I have also heard the notion of 'adaptive spark advance' (not knock control) whereby the spark is advanced until just on the borderline of knock (often, but not always, the most efficient setting). This sounds good but since there is no torque feedback it cannot be guaranteed that this is the most efficient setting. In addition to that the fact is NOx emissions are always going to be affected would make a compliant emissions calibration impossible to achieve.
Having said that, there do already exist systems, such as adaptive knock control & misfire detection, which operate on a cylinder specific level. These use knock sensors & the acceleration of the flywheel, respectively, with good results. Some EMS systems also have an idle speed stabilisation control but, once again, crank accelerations are also perfectly adequate for this. I suppose that in cylinder monitoring could be used in these functions, within a feedback system, but I am sceptical that there is a requirement. After all, surely, in using in cylinder measurements you are just swapping one feedback signal (i.e. crank accels.) for another (i.e. in cylinder pressure) with no gain?
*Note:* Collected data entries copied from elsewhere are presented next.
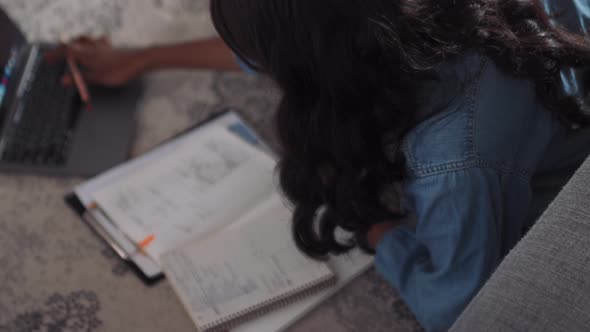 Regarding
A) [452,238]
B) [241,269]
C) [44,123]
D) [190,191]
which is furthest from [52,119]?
[452,238]

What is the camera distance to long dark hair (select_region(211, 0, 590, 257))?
0.64 m

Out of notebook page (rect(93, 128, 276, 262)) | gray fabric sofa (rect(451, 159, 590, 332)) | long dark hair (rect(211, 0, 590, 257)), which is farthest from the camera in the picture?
notebook page (rect(93, 128, 276, 262))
In terms of emissions control, the main factor is the cold start, not individual cylinder conditions. Once catalyst light off has been achieved tail pipe emissions can be reduced to almost negligible levels. It is the period before light off in which most emissions tests are passed or failed. Especially when there is a prolonged period of open loop fuel control and high feed gas emissions.
After light off the next major emissions contributor tends to be transient fuelling control and catalyst O2 clearing. Both of which are greatly aided by GDI technologies, which greatly reduced catalyst breakthrough when properly calibrated.
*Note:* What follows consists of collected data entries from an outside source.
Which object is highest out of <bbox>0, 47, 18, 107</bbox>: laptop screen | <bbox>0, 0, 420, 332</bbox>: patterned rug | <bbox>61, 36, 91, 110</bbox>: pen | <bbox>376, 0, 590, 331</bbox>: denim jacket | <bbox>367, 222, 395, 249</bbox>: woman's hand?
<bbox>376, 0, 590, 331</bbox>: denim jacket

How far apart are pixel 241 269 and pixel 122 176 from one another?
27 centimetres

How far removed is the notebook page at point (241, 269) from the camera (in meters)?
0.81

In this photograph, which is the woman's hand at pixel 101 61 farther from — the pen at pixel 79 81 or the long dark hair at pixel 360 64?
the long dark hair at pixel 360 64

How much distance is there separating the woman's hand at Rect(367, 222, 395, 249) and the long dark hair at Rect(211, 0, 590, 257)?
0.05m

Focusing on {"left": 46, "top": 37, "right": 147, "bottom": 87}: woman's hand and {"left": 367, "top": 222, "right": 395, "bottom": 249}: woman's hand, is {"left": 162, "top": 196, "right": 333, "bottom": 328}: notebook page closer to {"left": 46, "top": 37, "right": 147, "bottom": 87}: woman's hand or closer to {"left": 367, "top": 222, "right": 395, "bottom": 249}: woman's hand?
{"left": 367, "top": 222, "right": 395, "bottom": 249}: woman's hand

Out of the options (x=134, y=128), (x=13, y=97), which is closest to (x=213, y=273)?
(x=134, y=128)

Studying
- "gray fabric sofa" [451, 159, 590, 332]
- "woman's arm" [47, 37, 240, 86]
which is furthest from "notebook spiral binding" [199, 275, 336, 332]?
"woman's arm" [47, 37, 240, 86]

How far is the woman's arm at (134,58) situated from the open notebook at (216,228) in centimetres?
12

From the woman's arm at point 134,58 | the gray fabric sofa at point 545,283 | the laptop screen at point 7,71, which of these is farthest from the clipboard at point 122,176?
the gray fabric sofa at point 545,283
I can't see how any of the above would be greatly helped by in cylinder measurements.
MS
RE: Future of engine ECUs & control strategies
The spirit of much of what you are saying is true today, but it will not be true in just a few years. For example, "Once catalyst light off has been achieved tail pipe emissions can be reduced to almost negligible levels" is roughly true today - although probably only for SI engines - but it will not be true by the 2012 emissions cycle when the targets are so low that a bit of off-nominal operation in a cylinder for just a few minutes can cause an emissions failure regardless of the catalyst performance.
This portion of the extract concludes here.